◆ **Task instructions**: Your answer must be the full listing below, repeated exactly, with no pictures in it.

(Dataset entries begins)

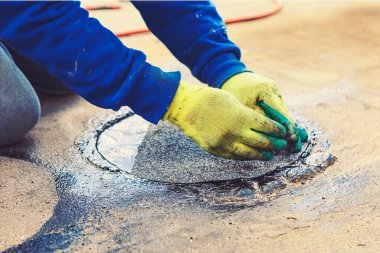 Bir insan diz çöküp bir çatı malzemesini katranlı bir maddeyle çevrili rögar kapağına bastırıyor. Sahne, işçiyle birlikte tamir sürecinin bir parçasıdır. 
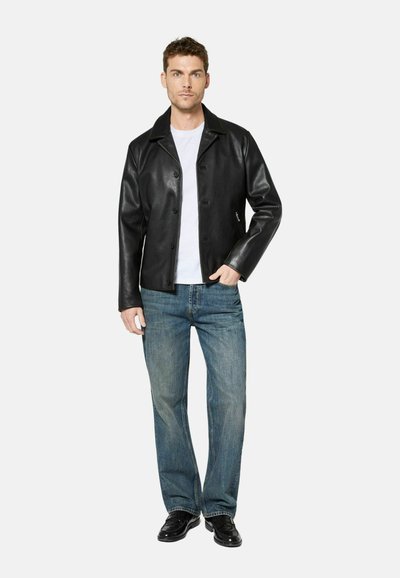 Man wearing black leather jacket, white t-shirt, blue jeans, and black shoes, standing with one hand in pocket against white background.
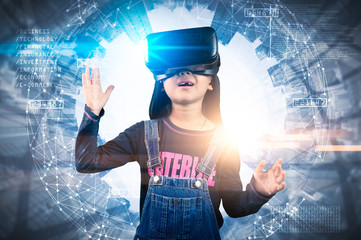 The abstract double exposure image of the girl using smart glasses or VR glasses overlay with virtual hologram image. the concept of communication, internet of things and future life.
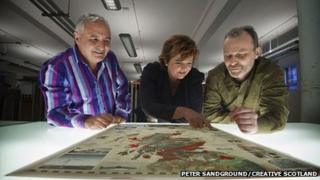 Andrew Dixon from Creative Scotland with Culture Secretary Fiona Hyslop and artist Murray Robertson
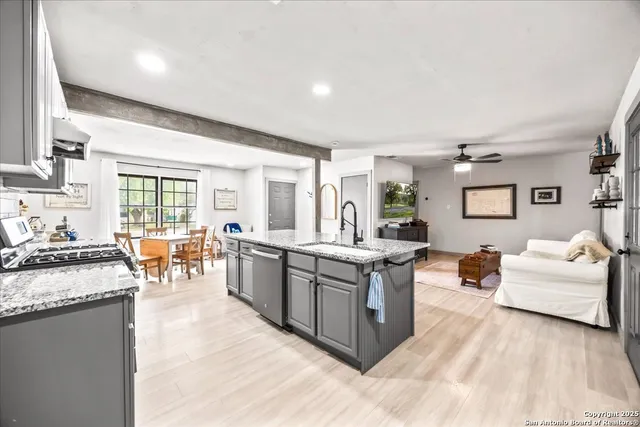 a large living room with stainless steel appliances granite countertop lots of counter top space and furniture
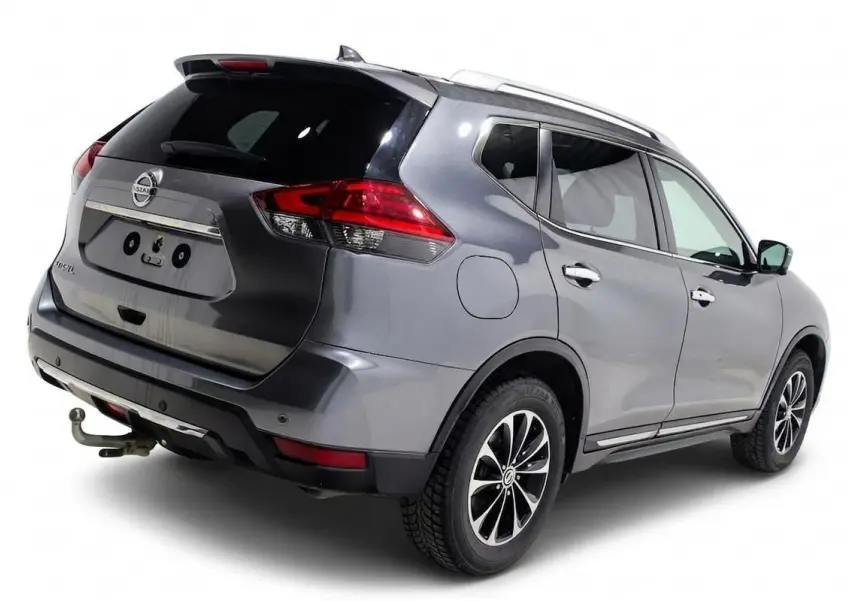Vue 3/4 arrière droite d'un Nissan X-Trail gris métallisé avec attelage et toit ouvrant visible.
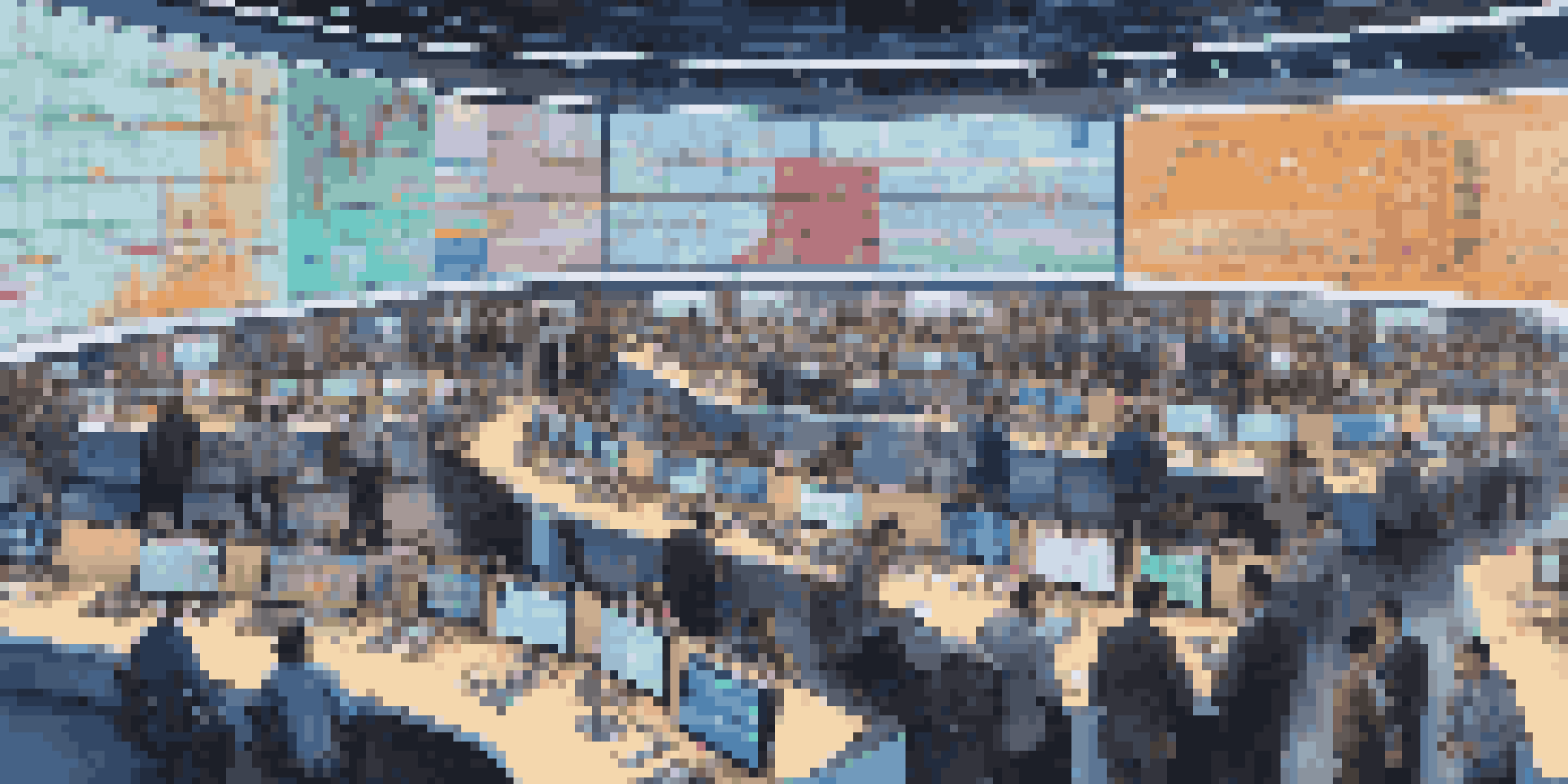 A busy stock trading floor with traders focused on their screens and colorful stock market data displayed.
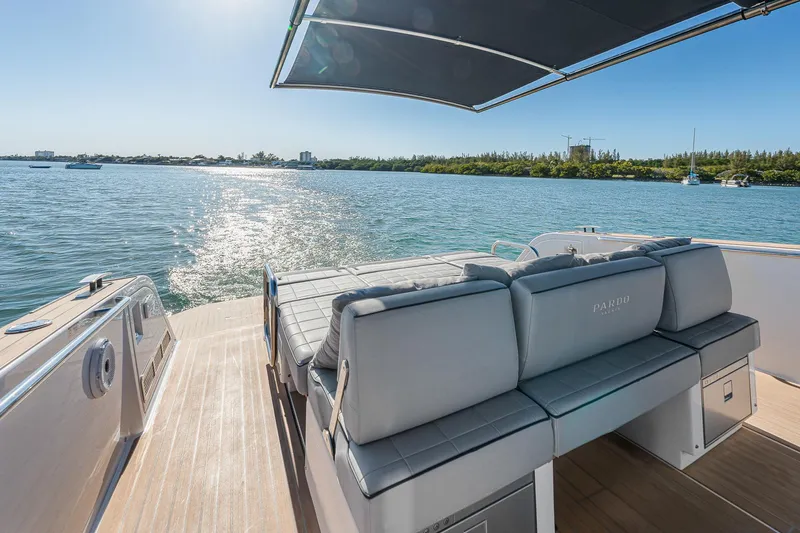 Slide: The Image of 2023 Pardo Yachts P38 luxury deck with seating, overlooking serene waters. - 31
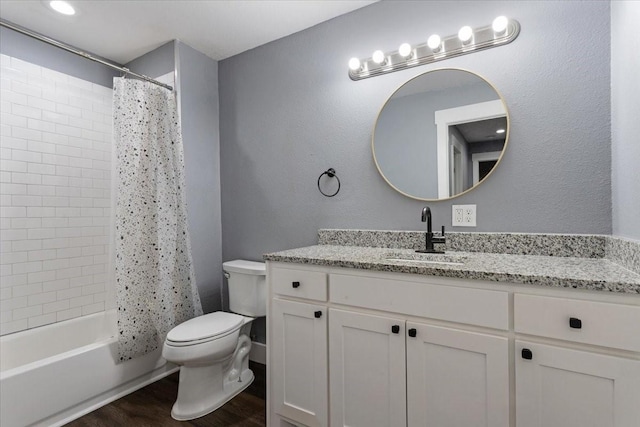 3015 S Fannin Ave, Denison, TX 75021 - full bath featuring wood finished floors, toilet, vanity, and shower / bath combo with shower curtain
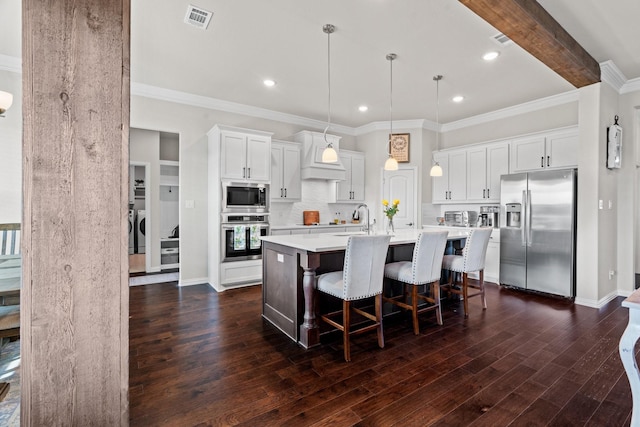 kitchen with stainless steel appliances, white cabinetry, a center island with sink, and pendant lighting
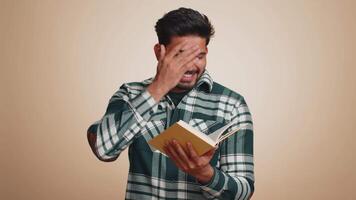 Happy hindu man reading funny interesting fairytale story book, leisure hobby, education, learning video
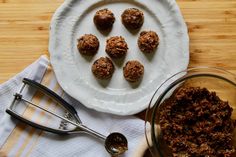 a white plate topped with meatballs next to a glass bowl filled with sauce on top of a wooden table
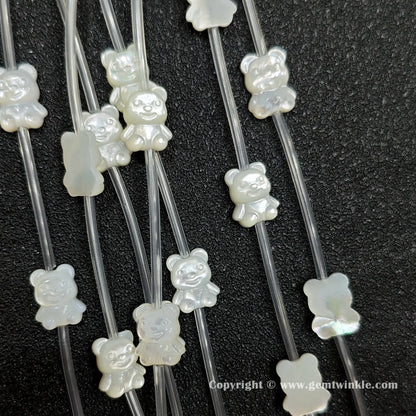 Handheld preview showing 11mm white shell teddy bear beads in hand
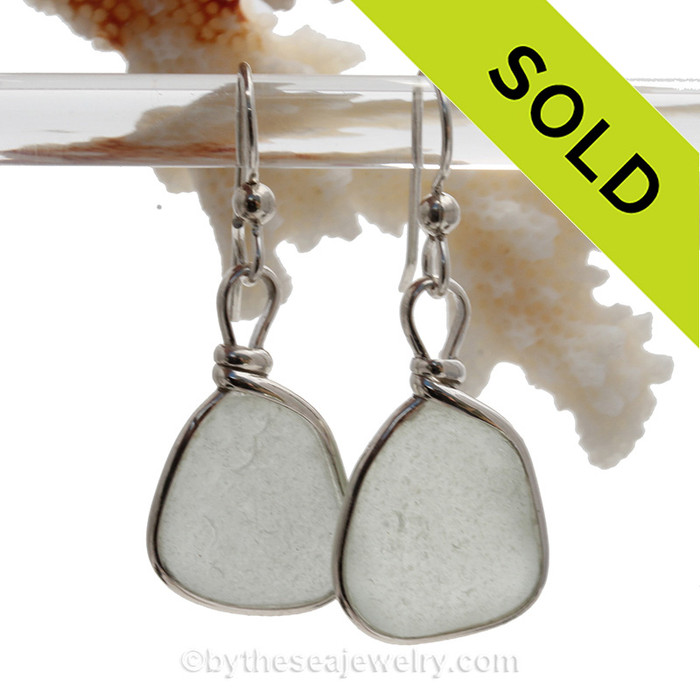 Perfect pieces of white beach found sea glass set in a lovely pair of genuine sea glass earrings in sterling. Our Original Wire Bezel© lets all the beauty of the sea glass shine without altering the glass in any way!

(Dataset entries ends)

◆ **Exercise response**:
 Bir insan diz çöküp bir çatı malzemesini katranlı bir maddeyle çevrili rögar kapağına bastırıyor. Sahne, işçiyle birlikte tamir sürecinin bir parçasıdır. 
 Man wearing black leather jacket, white t-shirt, blue jeans, and black shoes, standing with one hand in pocket against white background.
 The abstract double exposure image of the girl using smart glasses or VR glasses overlay with virtual hologram image. the concept of communication, internet of things and future life.
 Andrew Dixon from Creative Scotland with Culture Secretary Fiona Hyslop and artist Murray Robertson
 a large living room with stainless steel appliances granite countertop lots of counter top space and furniture
Vue 3/4 arrière droite d'un Nissan X-Trail gris métallisé avec attelage et toit ouvrant visible.
 A busy stock trading floor with traders focused on their screens and colorful stock market data displayed.
 Slide: The Image of 2023 Pardo Yachts P38 luxury deck with seating, overlooking serene waters. - 31
 3015 S Fannin Ave, Denison, TX 75021 - full bath featuring wood finished floors, toilet, vanity, and shower / bath combo with shower curtain
 kitchen with stainless steel appliances, white cabinetry, a center island with sink, and pendant lighting
 Happy hindu man reading funny interesting fairytale story book, leisure hobby, education, learning video
 a white plate topped with meatballs next to a glass bowl filled with sauce on top of a wooden table
 Handheld preview showing 11mm white shell teddy bear beads in hand
 Perfect pieces of white beach found sea glass set in a lovely pair of genuine sea glass earrings in sterling. Our Original Wire Bezel© lets all the beauty of the sea glass shine without altering the glass in any way!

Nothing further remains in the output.